Excerpted data Block Start

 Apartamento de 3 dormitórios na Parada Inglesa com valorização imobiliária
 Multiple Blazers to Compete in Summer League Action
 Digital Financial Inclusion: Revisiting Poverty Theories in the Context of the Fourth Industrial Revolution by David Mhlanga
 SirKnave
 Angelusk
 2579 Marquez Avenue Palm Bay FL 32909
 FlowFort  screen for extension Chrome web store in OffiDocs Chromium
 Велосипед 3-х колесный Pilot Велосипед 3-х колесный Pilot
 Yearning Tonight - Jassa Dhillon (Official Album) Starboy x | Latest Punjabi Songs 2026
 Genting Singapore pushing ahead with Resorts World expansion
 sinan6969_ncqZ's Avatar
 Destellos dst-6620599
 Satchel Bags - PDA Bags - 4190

Excerpted data Block End
Excerpted data Block Start

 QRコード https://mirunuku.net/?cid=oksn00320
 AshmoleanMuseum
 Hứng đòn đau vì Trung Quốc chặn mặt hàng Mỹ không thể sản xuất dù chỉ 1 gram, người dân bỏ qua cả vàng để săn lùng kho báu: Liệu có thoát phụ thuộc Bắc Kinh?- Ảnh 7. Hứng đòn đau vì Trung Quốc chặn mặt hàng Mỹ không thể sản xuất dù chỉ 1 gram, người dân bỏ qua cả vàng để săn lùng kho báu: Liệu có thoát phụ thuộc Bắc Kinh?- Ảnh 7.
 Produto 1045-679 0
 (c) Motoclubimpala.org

Excerpted data Block End

Exercise requirements -
Copy only this part of the entries above: the line with "sinan6969_ncqZ's Avatar", the line with "Satchel Bags - PDA Bags - 4190", and the lines between, all exactly as written.

Result of this task -
 sinan6969_ncqZ's Avatar
 Destellos dst-6620599
 Satchel Bags - PDA Bags - 4190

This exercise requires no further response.